Follow Step 6 of the tutorial on the next page to run the Voicecommand software. Try to start out with a few simple commands. (See Basic Voice Commands boxout for details). 

Once you’re comfortable with these, run the command sudo killall voicecommand to shut down the program and edit your configuration file if you wish.

Voice command tweaks

Once your Voicecommand software is up and running, you can edit the configuration file to add new commands or modify existing ones.

Run the command sudo nano /root/.commands.conf to view the configuration file.

As you’ll see, most of the lines begin with a # symbol, which means the Raspberry Pi ignores them.

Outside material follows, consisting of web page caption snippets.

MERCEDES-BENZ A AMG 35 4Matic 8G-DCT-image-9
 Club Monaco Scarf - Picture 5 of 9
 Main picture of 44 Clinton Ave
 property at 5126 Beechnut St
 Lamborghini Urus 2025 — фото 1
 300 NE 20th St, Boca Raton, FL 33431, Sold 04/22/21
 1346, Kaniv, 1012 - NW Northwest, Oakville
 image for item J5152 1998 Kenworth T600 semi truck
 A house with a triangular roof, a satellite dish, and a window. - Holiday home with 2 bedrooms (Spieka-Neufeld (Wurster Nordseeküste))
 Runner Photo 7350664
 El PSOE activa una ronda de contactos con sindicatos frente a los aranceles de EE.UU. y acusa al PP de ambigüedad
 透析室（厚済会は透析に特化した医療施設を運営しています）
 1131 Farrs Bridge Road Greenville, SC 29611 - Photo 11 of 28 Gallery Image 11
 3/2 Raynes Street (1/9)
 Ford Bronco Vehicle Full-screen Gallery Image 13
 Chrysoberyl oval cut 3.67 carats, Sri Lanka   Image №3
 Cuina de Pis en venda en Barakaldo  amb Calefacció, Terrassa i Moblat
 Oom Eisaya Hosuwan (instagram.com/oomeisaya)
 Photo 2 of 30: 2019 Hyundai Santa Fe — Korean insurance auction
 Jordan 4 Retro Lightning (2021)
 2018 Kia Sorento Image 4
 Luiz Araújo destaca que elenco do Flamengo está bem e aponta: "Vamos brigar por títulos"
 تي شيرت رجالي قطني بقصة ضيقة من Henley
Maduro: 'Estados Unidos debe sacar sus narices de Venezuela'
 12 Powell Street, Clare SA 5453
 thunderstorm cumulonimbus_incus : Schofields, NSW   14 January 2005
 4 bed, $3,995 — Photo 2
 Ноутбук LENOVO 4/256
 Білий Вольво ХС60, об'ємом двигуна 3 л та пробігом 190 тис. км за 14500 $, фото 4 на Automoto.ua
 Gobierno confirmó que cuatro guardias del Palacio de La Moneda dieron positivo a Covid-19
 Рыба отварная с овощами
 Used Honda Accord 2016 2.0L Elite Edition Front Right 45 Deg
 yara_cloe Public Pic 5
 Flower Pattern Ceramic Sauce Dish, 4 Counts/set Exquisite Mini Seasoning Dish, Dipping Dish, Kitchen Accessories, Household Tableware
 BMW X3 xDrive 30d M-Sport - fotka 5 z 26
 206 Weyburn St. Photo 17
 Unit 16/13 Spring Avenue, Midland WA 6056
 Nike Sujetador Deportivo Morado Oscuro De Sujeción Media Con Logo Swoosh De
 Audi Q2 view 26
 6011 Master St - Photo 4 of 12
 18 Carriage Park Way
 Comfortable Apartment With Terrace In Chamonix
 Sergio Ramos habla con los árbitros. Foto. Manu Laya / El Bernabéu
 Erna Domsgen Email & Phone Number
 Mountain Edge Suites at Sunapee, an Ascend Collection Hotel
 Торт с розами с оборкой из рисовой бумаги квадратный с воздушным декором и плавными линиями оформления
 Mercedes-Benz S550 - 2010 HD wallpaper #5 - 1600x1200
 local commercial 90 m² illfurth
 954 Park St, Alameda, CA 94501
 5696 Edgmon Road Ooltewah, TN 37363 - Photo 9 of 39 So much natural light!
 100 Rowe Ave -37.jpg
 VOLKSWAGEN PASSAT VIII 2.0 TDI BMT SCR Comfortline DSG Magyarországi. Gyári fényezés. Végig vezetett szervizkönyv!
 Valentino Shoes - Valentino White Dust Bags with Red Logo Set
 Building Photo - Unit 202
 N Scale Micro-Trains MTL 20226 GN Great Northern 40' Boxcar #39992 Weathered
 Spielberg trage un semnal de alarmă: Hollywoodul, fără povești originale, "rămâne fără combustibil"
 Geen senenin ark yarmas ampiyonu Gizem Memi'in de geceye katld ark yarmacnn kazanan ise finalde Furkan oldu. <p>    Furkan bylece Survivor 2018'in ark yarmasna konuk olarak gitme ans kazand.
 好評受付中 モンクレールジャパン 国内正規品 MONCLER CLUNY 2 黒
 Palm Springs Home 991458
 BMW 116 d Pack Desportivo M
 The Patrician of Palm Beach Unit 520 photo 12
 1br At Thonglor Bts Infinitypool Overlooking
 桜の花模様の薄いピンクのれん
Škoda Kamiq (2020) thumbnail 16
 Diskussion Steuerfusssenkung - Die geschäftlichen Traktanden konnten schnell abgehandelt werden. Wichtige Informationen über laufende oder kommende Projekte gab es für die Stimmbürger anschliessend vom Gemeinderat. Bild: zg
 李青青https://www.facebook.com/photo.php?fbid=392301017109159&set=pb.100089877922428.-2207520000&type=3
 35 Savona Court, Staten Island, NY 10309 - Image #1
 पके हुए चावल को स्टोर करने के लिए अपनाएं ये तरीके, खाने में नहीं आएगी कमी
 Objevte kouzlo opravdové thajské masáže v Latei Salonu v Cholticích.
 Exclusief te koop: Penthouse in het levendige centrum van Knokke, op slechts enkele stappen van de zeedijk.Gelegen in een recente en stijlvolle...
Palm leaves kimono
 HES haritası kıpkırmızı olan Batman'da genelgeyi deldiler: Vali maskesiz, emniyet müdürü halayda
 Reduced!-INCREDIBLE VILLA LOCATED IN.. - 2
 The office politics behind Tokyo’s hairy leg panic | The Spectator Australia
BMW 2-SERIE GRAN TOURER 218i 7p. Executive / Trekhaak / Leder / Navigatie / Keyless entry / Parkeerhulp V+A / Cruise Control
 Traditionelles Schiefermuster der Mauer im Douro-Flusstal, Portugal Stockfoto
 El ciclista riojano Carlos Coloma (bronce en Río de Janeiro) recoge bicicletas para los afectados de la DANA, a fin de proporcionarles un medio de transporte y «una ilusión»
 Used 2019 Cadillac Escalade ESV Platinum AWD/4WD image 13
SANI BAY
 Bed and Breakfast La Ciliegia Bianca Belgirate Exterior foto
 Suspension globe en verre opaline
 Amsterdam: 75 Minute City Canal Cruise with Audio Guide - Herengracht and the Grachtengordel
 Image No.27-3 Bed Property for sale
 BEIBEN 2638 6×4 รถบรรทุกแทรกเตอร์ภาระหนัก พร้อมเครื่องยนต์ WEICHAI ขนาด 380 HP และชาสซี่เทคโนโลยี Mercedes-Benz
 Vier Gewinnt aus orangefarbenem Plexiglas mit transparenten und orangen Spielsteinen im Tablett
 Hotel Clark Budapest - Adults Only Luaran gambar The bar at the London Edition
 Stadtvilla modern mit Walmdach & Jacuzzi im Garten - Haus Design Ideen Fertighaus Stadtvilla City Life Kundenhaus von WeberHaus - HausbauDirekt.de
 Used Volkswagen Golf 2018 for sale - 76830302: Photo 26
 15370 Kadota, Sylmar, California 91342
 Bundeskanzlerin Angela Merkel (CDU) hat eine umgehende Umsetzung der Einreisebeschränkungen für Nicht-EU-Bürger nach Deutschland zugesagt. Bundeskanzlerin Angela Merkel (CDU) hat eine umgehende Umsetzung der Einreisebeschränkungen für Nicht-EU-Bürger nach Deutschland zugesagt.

Delete the symbol to activate the line. If, for instance, you want to change the keyword that activates the voice recognition software from “Pi” to “Alexa”, you would change the line from #!keyword==pi to -!keyword=alexa.

If you use the Firefox web browser instead of Midori, you may also want to change ~Internet==midori & to ~Internet==firefox-esr &.

The software can run any command. For instance, to open the desktop by saying the word “desktop”, add the following line to the end of the file: desktop==home/pi/Desktop

You can also launch programs as you would from the terminal – for example, notepad==leafpad

As you’re talking to the Raspberry Pi, you may want it to respond. Do this first by opening Terminal and installing the speech synthesis software Festival with the following command:

sudo apt-get install festival

The basic format to get the Raspberry Pi to talk is echo “Your message here” | festival –tts

You can also have the Raspberry Pi read out system information. For example, if you wanted the Raspberry Pi to tell you the date and time, you would add the following line to the config file:

time==echo “The time is” | festival --tts &&

date | festival –tts

Vexing voices

Voice recognition software is a work in progress and the Raspberry Pi may not recognise everything you say. 

To improve your chances, be sure to stay near the USB microphone and speak slowly and clearly.

If you’re still having trouble being understood, open Terminal on your Raspberry Pi or connect via SSH and run the command alsamixer to open your sound settings. 

Press F4 to choose audio input, then press F6. Use the arrow keys to select your USB device, then press Return. This controls the volume of your USB microphone. Use the up arrow to push it to maximum (100).

If your device isn’t being detected at all, it may need more power than the Raspberry Pi’s USB ports can provide on their own. The best solution for this is to use a powered USB hub.

Once the Download program is installed, if you experience an error connecting, bear in mind that access to the PirateBay website may be restricted where you are. 

In order to download files, you also need a BitTorrent client for the Raspberry Pi, such as the program Transmission. You can install this by opening Terminal or connecting to your Raspberry Pi over SSH and running the command sudo apt-get install transmission.

Help with getting started and how to use the client is available from the Transmission website. Needless to say, you should only download files with the permission of the copyright holder.

If you choose to use Google Voice Commands or Google TTS (Text to Speech), bear in mind that anything you say and any text files you submit are sent to Google’s servers for translation. 

Google claims not to retain any of this data, but even if it is to be believed, any data transmitted over the internet can potentially be intercepted by a third party.

Google does encrypt your connection to reduce the chance of this happening, however.

If you find you’re happy with the voice command feature, you might prefer the software to start automatically each time you boot the Raspberry Pi. If so, open Terminal on your Raspberry Pi or connect via SSH and run the following command:

sudo nano /etc/rc.local

This opens the file that determines which processes start up when your Raspberry Pi boots. By default, this script does nothing. 

Use your arrow keys to scroll to the bottom of the file and, just above the line reading exit 0 , type the following:

sudo voicecommand -c

Press Ctrl+X, then Y, then Return to save your changes. Feel free to reboot the Raspberry Pi at this stage to make sure it works. 

If you’re unsure whether Voicecommand is running, open Terminal and run the command ps -a to show a list of running processes.